- [The problem] Whenever an image turns up, omit it and return the remaining data exactly.

Start of Block

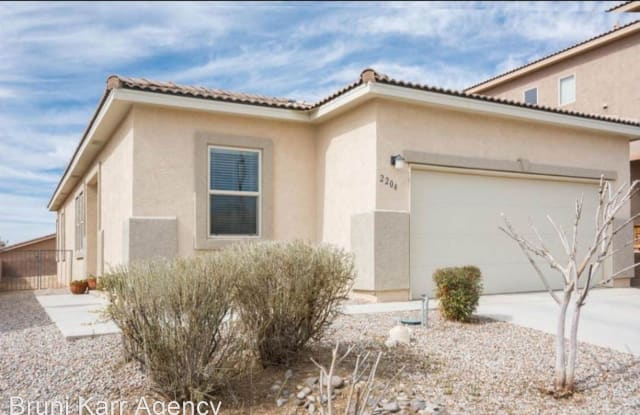 2204 Delfinio Dr. SE - 2204 Delfinio Drive Southeast, Rio Rancho, NM 87124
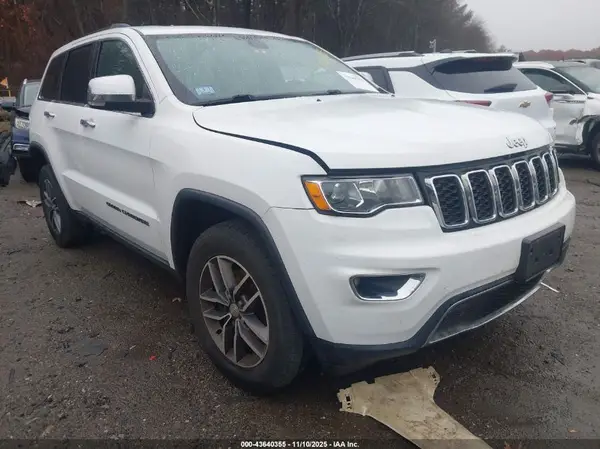 1C4RJFBG7JC369620 2018 JEEP GRAND CHEROKEE - Image 1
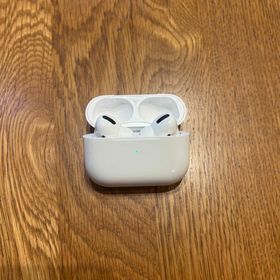 アップル(Apple)の【ジャンク】APPLE AirPods Pro(ヘッドフォン/イヤフォン)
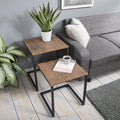 OUTLET-Sheffield Nesting Tables - Laura James
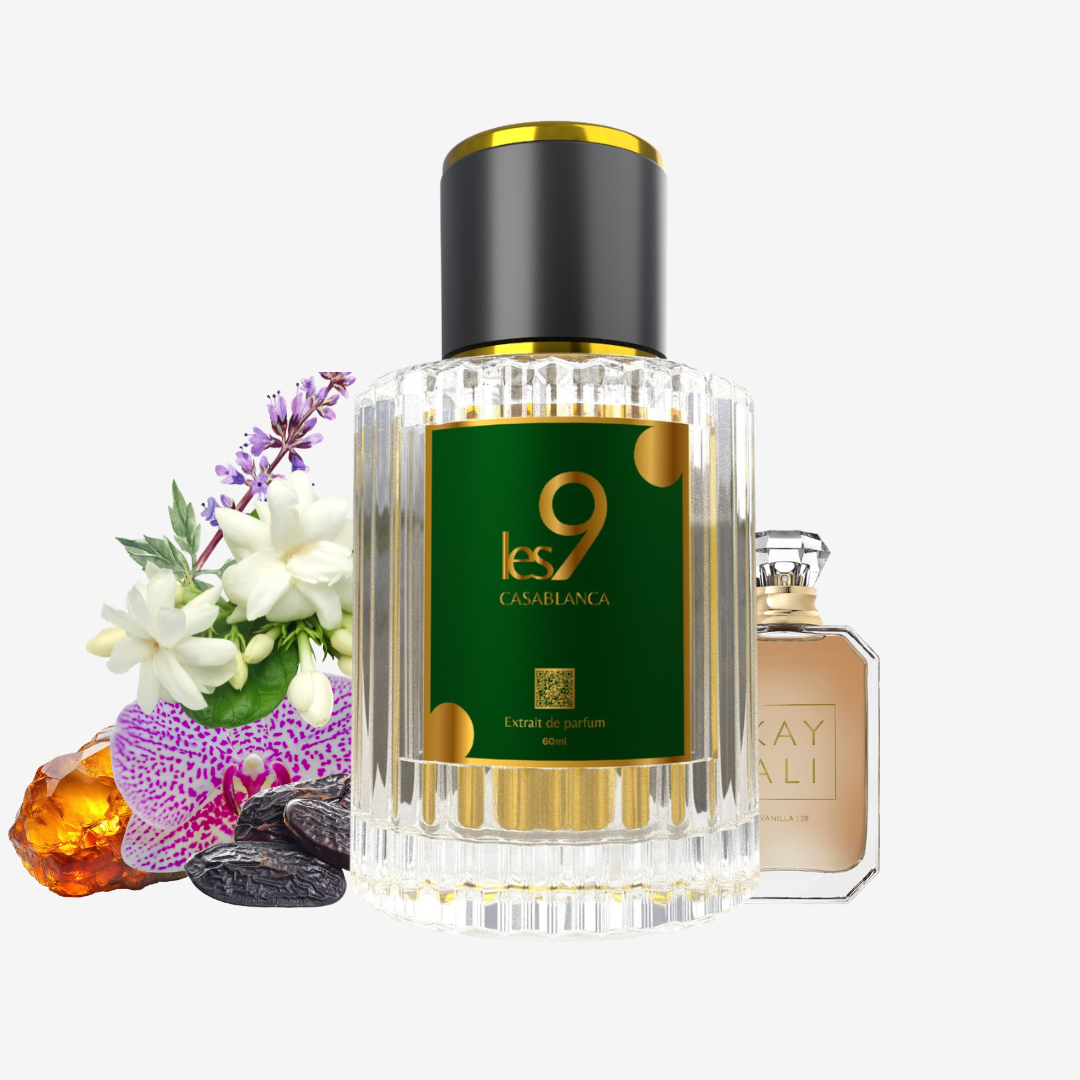 Inspiration Vanilla 28 Kayali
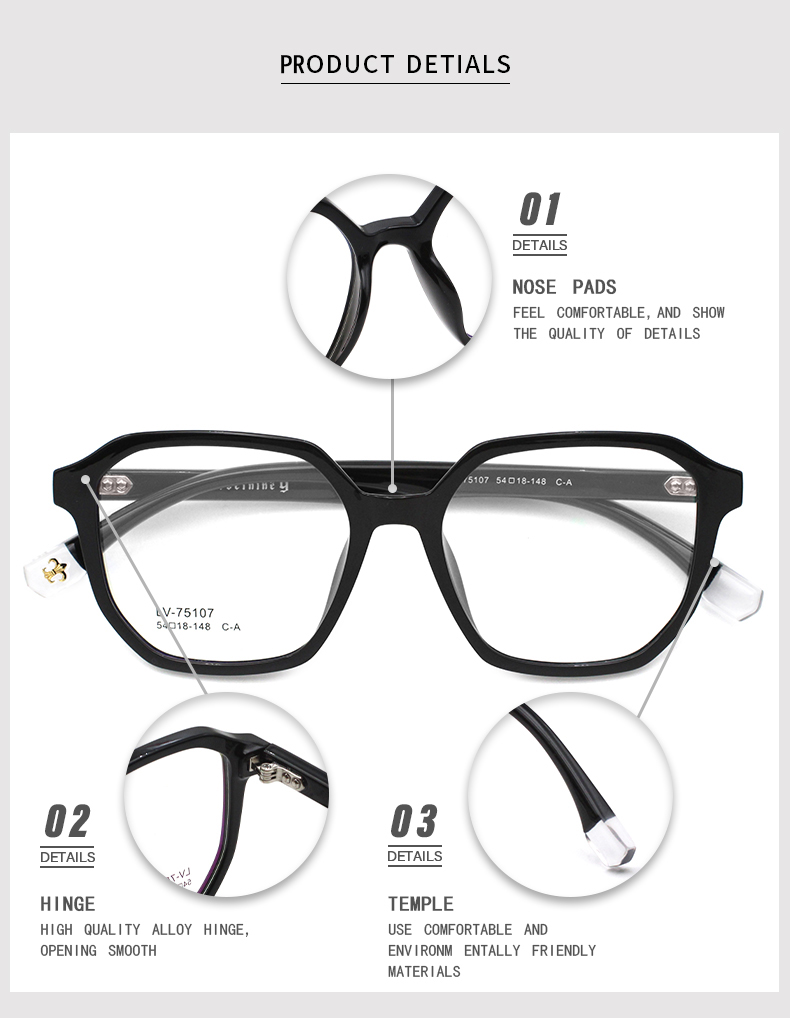 &oacute;ptica de marco tr90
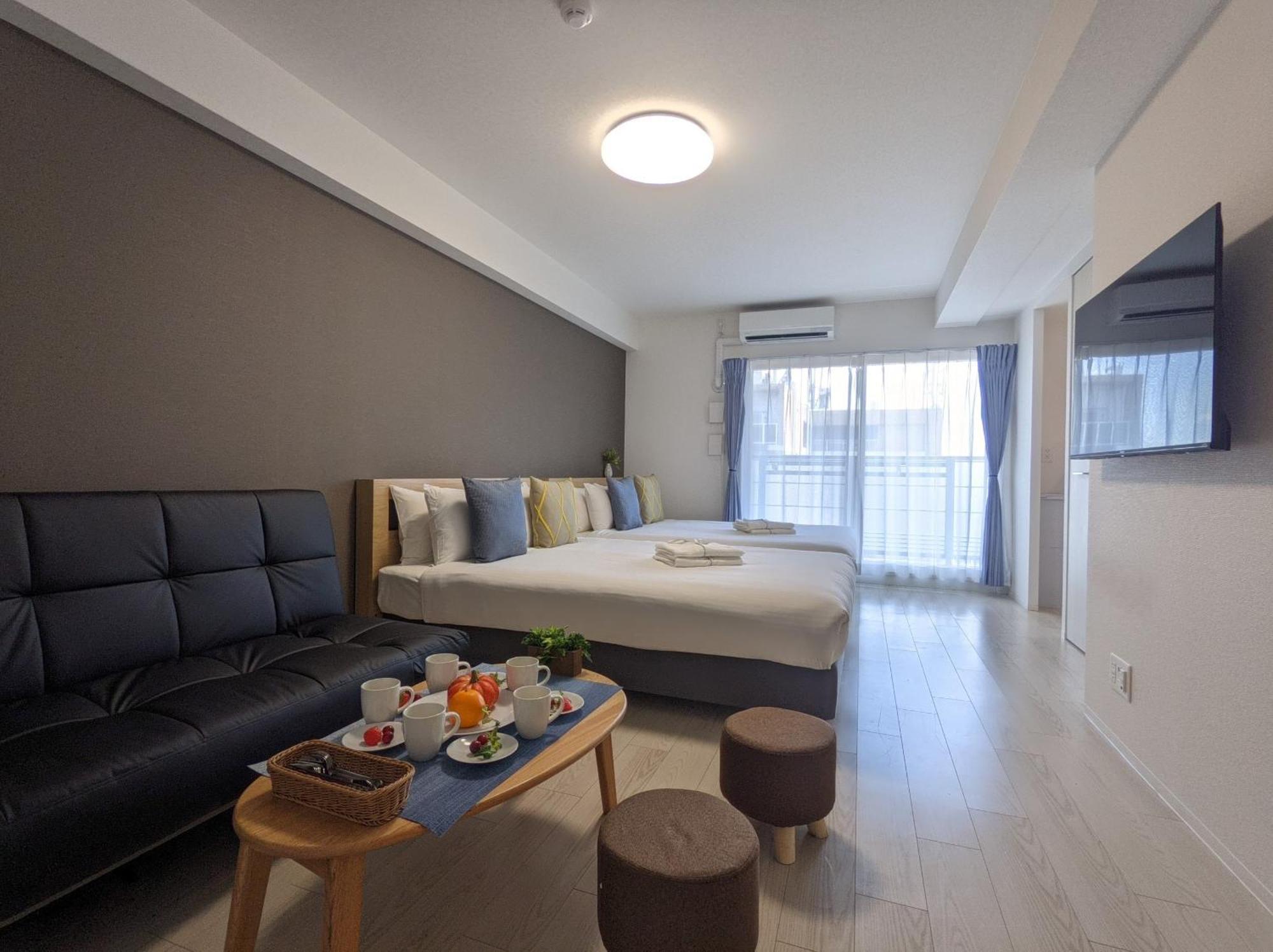 Eslead Hotel Osaka Nipponbashi Exteriér fotografie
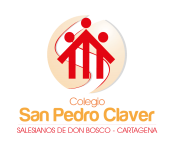LOGO - COLEGIO SAN PEDRO CLAVER - OFICIAL EN VERTICAL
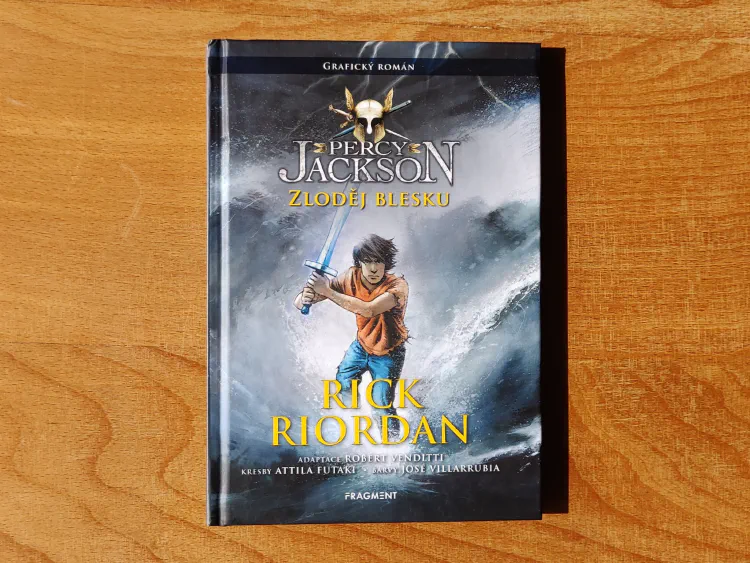 Percy Jackson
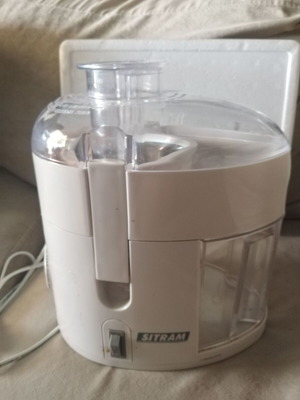 Sitram AE2355 juicer 300W used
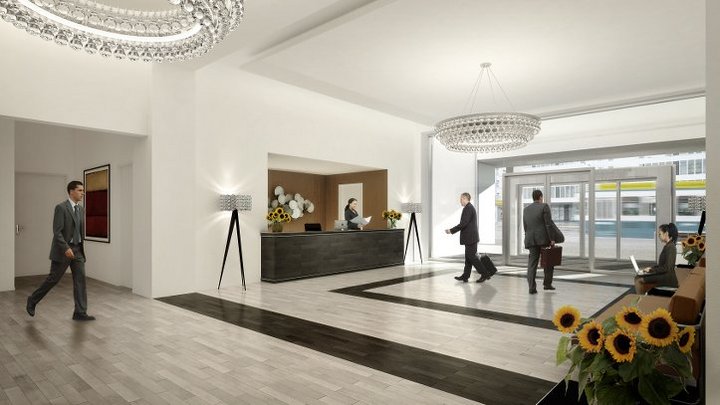 Schwung für Implenia im Modernisierungsgeschäft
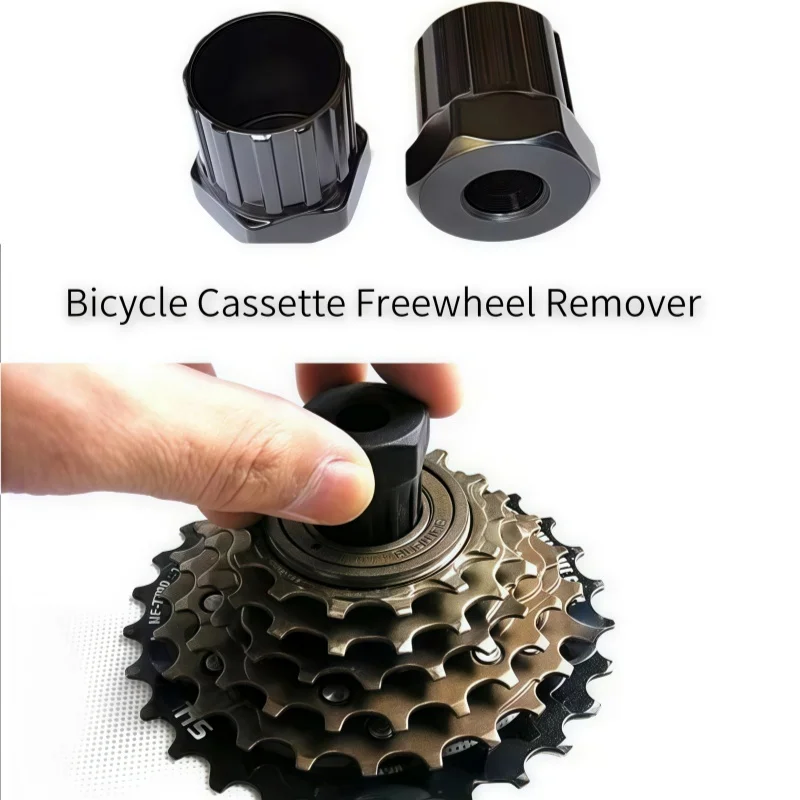 thumbnail image 2 of Bicycle Flywheel Installation Disassembly Wrench, Spin Flywheel Assembly Tool For Mountain Bikes And Road Bikes P 64487211 2 of 11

End of Block

- [Output of the exercise]
 2204 Delfinio Dr. SE - 2204 Delfinio Drive Southeast, Rio Rancho, NM 87124
 1C4RJFBG7JC369620 2018 JEEP GRAND CHEROKEE - Image 1
 アップル(Apple)の【ジャンク】APPLE AirPods Pro(ヘッドフォン/イヤフォン)
 OUTLET-Sheffield Nesting Tables - Laura James
 Inspiration Vanilla 28 Kayali
 &oacute;ptica de marco tr90
 Eslead Hotel Osaka Nipponbashi Exteriér fotografie
LOGO - COLEGIO SAN PEDRO CLAVER - OFICIAL EN VERTICAL
 Percy Jackson
 Sitram AE2355 juicer 300W used
 Schwung für Implenia im Modernisierungsgeschäft
 thumbnail image 2 of Bicycle Flywheel Installation Disassembly Wrench, Spin Flywheel Assembly Tool For Mountain Bikes And Road Bikes P 64487211 2 of 11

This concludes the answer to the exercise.